[Movie Review] UNWELCOME

Folklore is a great source of inspiration for horror, especially when you tap into folklore surrounding the fae. These creatures are anything but nice. Large swaths of them are downright terrifying. After all, there are reasons why there are so many superstitious traditions maintained to this day. In the case of UNWELCOME, we finally see the spotlight shine on the dangers of the Redcaps. The question is whether director Jon Wright’s and screenwriter Mark Stay’s vision of these frightening little buggers elicits fear in the viewer or not.

After a home invasion, newly pregnant couple Maya (Hannah John-Kamen) and Jamie (Douglas Booth) relocate to the Irish countryside after Jamie’s relative passes.

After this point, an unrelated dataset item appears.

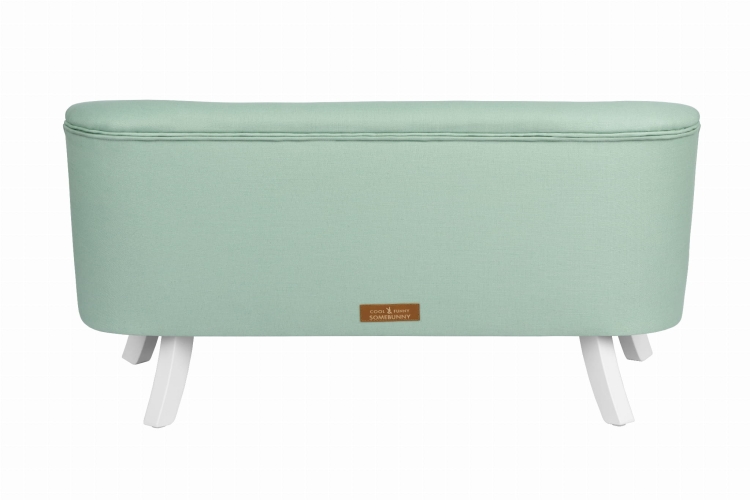 Tyl_sofa-mietowy-krotkie-biale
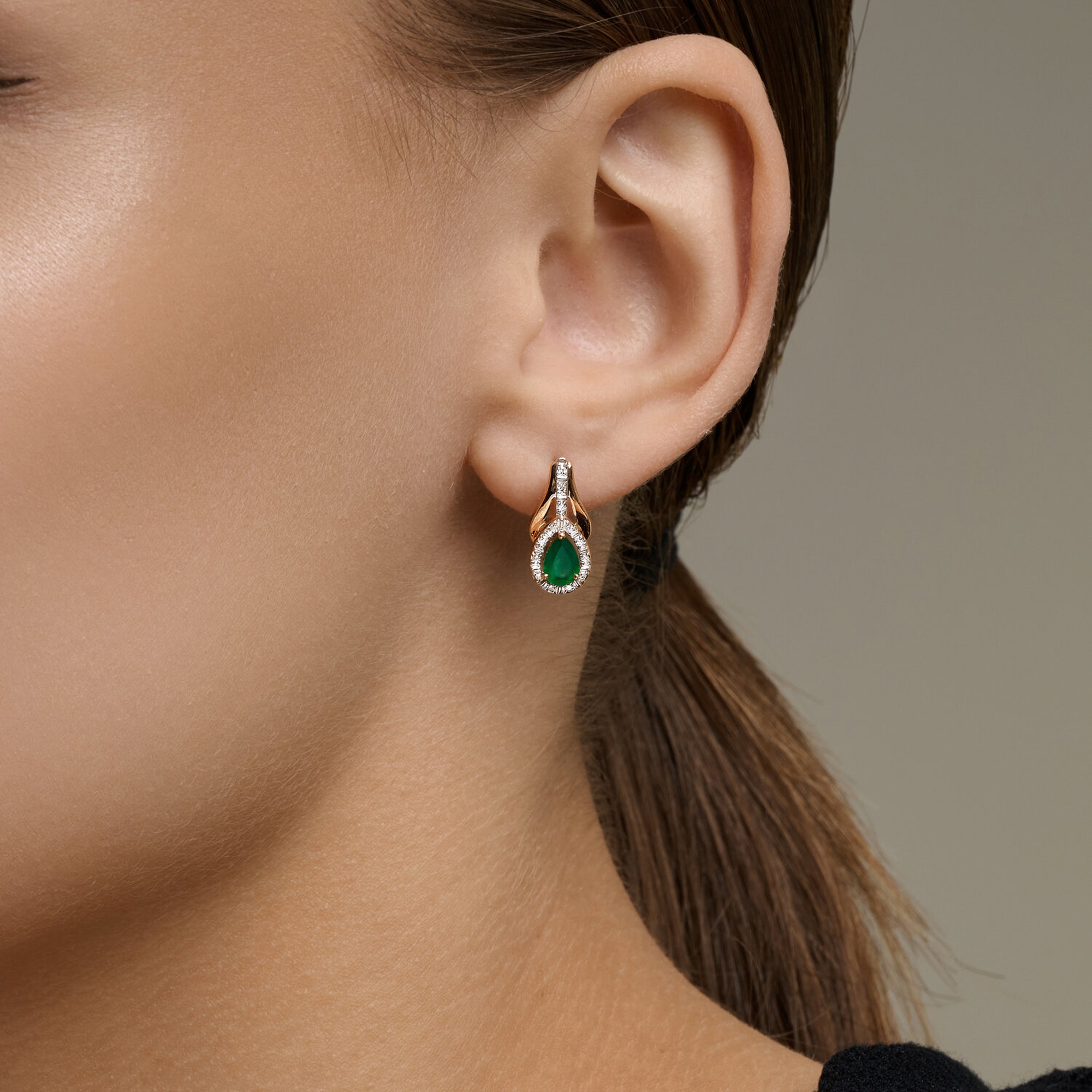 Золотые серьги SOKOLOV с бриллиантом и агатом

Here in this newly inherited home, they can rebuild. However, there are caveats. Maya is informed by their next-door neighbor that they need to leave out blood sacrifices nightly for the little people. More specifically, the redcaps. If they do not, then calamity will fall upon their house.

At first, Maya is dismissive of this. But, as is generally the case, her beliefs are shaken when strange things start to happen around their home. If that wasn’t enough for the heavily pregnant woman, she also has to contend with her own PTSD, her partner’s feelings of emasculation, and this strangely dangerous family that they’ve hired to try to fix up the place.

PTSD, Pride & Puppies

Courtesy Well Go USA

UNWELCOME is an interesting film. I say interesting because, while I personally enjoyed it, it’s got some undeniable issues. What first starts as a rehabilitation story surrounding Maya and Jamie soon curves away from them, focusing on the Whelan family more so than the story warrants, before diving off a cliff into more overtly comedic territory. The tonal transition from second to the final act is abrupt, much like its ending, and will likely throw off viewers.

Going from more serious fare to something that rides the fine line of accidental camp is a challenging act. Unfortunately, it doesn’t work here to give a cohesive final product. That said, the third act of UNWELCOME is chuckle-inducing. The actors give 100% while the redcaps steal the show with their silly murder shenanigans. It’s so hard to take these blood-worshipping creatures seriously when they remind of Jim Henson’s goblins from the Labyrinth.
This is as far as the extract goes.